Rachel, Mitglied im Rat der Evangelischen Kirche in Deutschland (EKD) und Parlamentarischer Staatssekretär im Bundesbildungsministerium, sagte am Dienstag dem Tagesspiegel, Deutschland könne gemeinsam mit Luxemburg einen Anfang machen. „Das ist dann kein kein nationaler Alleingang. Ein solcher Schritt kann auch andere Staaten ermutigen, einen Beitrag zu leisten.“ Wenn Corona etwa im Lager Moria auf Lesbos ausbreche, werde die Lage dort „ganz schrecklich“. Es sei auch eine Frage der europäischen Partnerschaft, Griechenland in dieser Situation nicht im Stich zu lassen.

Berlin bekräftigt Aufnahmebereitschaft

In den vergangenen Wochen hatten sich die Warnrufe gemehrt - und auch die Initiativen mehrerer Bundesländer, neben Niedersachsen unter anderem auch Thüringen und Berlin.

Der Berliner Senat bekräftigte am Dienstag Aufnahmebereitschaft. „Das kann aus unserer Sicht sehr schnell beginnen“, sagte Berlins Regierender Bürgermeister Michael Müller (SPD). Ein entsprechendes formales Ersuchen werde er jetzt noch einmal an die Bundesregierung stellen.
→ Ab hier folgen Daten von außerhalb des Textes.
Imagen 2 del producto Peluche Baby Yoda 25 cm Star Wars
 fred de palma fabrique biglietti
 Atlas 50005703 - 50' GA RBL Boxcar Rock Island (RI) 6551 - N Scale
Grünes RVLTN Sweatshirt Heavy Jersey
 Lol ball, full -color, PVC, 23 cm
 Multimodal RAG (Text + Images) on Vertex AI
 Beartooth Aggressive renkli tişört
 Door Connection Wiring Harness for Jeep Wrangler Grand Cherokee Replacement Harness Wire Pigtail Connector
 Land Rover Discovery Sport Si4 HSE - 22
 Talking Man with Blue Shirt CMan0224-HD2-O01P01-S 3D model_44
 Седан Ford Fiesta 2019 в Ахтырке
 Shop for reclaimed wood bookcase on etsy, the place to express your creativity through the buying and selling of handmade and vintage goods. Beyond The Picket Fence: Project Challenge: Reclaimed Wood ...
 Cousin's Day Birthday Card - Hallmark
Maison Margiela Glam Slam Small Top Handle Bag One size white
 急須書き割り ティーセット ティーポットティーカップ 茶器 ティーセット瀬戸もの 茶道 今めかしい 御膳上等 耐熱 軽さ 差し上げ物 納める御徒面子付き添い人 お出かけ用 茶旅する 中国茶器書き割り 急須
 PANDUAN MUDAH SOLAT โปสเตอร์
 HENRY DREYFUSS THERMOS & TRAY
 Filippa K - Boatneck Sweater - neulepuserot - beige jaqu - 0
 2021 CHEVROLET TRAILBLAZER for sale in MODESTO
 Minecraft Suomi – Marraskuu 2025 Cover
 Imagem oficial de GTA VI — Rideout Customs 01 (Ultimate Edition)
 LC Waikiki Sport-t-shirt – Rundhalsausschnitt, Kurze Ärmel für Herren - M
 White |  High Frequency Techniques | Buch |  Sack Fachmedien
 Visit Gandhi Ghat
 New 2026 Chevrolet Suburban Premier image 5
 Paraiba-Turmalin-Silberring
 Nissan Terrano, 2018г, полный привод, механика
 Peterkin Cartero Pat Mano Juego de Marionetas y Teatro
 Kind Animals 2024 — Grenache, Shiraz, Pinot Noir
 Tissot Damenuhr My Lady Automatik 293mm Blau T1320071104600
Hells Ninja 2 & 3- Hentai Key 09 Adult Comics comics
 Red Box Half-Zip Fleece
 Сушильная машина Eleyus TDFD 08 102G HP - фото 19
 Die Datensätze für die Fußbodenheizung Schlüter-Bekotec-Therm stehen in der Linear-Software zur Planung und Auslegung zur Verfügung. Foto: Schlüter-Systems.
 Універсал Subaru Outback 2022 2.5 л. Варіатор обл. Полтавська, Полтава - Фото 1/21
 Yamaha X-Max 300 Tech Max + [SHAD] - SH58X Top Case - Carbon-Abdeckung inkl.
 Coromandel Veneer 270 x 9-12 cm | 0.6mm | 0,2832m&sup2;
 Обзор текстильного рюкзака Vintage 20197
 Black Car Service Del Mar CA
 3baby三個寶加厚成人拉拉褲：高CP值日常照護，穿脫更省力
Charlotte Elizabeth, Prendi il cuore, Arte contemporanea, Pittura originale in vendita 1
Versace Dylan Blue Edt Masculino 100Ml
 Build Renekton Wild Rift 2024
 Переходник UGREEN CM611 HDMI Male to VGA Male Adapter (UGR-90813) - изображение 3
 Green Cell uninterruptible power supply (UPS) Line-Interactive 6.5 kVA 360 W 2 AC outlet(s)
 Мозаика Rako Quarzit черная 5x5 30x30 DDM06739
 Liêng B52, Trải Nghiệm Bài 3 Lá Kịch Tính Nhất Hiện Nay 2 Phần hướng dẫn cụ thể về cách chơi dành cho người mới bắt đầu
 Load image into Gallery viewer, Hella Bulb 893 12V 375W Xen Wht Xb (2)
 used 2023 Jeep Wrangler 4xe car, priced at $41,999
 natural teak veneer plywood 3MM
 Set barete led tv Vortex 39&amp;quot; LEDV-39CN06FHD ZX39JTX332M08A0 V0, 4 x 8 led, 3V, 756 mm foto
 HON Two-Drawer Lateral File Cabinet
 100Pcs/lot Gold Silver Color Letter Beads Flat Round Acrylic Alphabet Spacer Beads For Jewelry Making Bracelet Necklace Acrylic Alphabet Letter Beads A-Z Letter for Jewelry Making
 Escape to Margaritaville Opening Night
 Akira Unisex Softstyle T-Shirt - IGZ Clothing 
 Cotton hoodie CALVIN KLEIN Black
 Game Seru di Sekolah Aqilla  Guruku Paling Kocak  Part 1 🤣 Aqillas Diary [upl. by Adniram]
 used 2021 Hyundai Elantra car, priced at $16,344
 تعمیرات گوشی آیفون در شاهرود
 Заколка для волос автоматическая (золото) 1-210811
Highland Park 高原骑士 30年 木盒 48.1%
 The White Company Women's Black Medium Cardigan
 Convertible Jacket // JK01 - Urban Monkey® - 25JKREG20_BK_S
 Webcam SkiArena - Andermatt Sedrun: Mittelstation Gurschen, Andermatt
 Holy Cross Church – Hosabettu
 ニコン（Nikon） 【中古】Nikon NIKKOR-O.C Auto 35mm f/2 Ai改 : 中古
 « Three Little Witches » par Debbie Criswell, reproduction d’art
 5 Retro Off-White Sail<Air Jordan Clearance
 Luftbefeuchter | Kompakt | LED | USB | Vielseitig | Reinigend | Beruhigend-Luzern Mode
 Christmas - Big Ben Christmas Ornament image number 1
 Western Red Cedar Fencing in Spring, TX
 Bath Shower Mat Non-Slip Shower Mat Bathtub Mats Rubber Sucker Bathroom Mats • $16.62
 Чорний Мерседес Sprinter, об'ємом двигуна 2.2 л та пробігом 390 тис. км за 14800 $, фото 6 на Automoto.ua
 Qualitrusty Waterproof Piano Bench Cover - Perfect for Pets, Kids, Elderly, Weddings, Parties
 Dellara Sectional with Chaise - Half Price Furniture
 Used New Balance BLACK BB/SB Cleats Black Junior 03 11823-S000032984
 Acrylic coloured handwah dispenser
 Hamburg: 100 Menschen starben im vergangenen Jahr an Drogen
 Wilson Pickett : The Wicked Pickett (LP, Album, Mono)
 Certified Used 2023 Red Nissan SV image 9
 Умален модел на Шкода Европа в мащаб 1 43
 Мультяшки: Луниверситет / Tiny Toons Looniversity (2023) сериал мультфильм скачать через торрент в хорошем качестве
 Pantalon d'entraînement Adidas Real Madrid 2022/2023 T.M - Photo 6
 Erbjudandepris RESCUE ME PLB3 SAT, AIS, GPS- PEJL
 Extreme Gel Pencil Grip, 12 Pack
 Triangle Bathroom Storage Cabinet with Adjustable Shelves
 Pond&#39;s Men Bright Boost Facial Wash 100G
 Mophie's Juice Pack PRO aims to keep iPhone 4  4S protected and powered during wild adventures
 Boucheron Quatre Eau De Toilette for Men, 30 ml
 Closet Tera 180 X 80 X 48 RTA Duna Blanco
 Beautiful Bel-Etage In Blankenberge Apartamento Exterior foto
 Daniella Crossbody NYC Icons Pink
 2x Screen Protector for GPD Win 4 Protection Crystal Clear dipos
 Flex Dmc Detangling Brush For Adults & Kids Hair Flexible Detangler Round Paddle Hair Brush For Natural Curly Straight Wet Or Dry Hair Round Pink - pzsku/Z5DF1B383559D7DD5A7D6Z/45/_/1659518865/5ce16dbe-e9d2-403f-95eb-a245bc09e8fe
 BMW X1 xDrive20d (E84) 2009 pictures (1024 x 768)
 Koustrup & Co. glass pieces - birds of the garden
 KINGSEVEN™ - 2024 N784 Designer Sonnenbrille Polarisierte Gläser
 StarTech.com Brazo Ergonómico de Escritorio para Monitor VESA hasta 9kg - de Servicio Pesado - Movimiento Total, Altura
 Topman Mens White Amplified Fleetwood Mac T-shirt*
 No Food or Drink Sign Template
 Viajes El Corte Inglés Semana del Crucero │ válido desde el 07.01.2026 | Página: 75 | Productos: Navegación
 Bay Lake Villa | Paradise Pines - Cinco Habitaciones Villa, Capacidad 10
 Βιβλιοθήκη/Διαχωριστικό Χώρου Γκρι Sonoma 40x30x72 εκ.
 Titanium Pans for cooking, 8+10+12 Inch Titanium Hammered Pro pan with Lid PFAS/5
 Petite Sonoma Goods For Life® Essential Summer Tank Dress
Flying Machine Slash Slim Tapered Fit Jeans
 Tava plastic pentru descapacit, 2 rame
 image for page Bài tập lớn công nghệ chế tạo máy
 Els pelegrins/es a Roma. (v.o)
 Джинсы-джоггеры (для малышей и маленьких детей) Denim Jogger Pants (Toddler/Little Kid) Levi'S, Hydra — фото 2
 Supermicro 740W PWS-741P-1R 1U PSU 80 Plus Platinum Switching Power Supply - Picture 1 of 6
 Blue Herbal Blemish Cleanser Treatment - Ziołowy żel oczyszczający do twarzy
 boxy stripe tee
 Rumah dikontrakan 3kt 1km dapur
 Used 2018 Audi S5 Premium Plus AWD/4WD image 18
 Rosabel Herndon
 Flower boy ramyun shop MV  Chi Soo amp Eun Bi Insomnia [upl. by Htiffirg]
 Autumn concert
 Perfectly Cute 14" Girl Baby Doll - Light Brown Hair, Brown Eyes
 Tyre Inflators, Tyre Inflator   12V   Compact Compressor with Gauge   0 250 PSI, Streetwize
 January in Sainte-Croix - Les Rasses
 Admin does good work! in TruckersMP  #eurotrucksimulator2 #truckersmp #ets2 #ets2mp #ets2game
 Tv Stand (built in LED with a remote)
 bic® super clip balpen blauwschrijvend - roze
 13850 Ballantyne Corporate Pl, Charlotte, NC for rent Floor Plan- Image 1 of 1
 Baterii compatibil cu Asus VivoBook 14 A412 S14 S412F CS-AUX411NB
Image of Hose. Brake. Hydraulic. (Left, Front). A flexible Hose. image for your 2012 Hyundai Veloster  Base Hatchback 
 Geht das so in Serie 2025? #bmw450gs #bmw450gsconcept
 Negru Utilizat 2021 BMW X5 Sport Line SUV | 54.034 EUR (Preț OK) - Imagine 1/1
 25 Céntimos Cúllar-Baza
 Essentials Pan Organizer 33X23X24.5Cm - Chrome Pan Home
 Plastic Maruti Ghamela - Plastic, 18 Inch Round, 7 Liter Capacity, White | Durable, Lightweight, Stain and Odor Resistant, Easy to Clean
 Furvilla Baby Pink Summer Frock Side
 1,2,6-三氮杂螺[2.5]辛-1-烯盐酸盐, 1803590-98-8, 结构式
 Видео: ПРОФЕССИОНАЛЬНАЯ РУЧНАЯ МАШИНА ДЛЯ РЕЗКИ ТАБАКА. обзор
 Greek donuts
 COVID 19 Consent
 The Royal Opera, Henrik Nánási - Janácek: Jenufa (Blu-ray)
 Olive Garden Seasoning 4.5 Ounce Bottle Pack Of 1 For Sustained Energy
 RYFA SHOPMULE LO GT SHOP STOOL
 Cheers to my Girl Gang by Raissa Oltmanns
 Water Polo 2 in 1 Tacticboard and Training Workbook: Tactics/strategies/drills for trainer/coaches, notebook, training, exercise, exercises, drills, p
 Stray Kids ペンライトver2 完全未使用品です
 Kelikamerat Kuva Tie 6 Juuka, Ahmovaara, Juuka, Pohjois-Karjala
Müller sagte weiter, er rechne mit etwa 50 Kindern und Jugendlichen, die Berlin aus den Flüchtlingslagern aus humanitären Gründen aufnehmen wird. Sein Justizsenator Dirk Behrendt (Grüne) hatte zuvor im Tagesspiegel-Interview deutlich größere Dimensionen ins Gespräch gebracht und bezogen auf die Hauptstadt von 500 bis 1500 Geflüchteten „oder auch noch mehr“ gesprochen.